Aunque la cita más importante será antes de Estambul y de Praga, esta semana en Londres: la cumbre del G20. La Europa continental y el bloque anglosajón –EEUU más Reino Unido– llegan al encuentro con dos posturas distintas y ambas partes tendrán que ceder. Mientras Obama reclama más dinero público contra la crisis, la zona euro pide que aumenten las regulaciones y los sistemas de vigilancia internacional contra los excesos que han provocado estas facturas.
Las ONG y los movimientos sociales, junto con los países en desarrollo, están presionando a los gobiernos para que de Londres también salgan dos medidas más: el veto a los paraísos fiscales y que el FMI no supedite sus créditos al cumplimiento estricto de esa sacrosanta ortodoxia económica ahora quebrada.

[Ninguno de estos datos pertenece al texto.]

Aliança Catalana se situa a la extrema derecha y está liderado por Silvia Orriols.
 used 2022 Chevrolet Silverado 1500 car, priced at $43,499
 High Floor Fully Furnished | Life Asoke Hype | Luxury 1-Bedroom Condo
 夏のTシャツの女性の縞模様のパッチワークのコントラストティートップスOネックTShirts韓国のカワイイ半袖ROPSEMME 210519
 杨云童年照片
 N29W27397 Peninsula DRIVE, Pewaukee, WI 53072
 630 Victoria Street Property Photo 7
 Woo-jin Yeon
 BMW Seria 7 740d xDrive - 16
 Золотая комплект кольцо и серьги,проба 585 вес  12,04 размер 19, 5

Ambas peticiones son justas y sensatas. Sería hipócrita por parte del primer mundo seguir recetando ayuno a los hambrientos –que reduzcan su gasto público, su educación o su sanidad, si quieren ayudas– cuando son hoy las potencias mundiales las primeras en saltarse la dieta neoliberal.
La regulación de los paraísos fiscales también se puede. “Es posible que Obama, que necesita una respuesta económica contundente ante el escándalo de las primas de AIG, consiga que de Londres salga alguna medida al respecto”, asegura uno de los asesores económicos del Gobierno.
Las próximas semanas serán críticas. Está en juego el modelo socioeconómico que dibujará el futuro del planeta: un mundo que será mejor si los países pobres reciben más ayudas y menos tropas.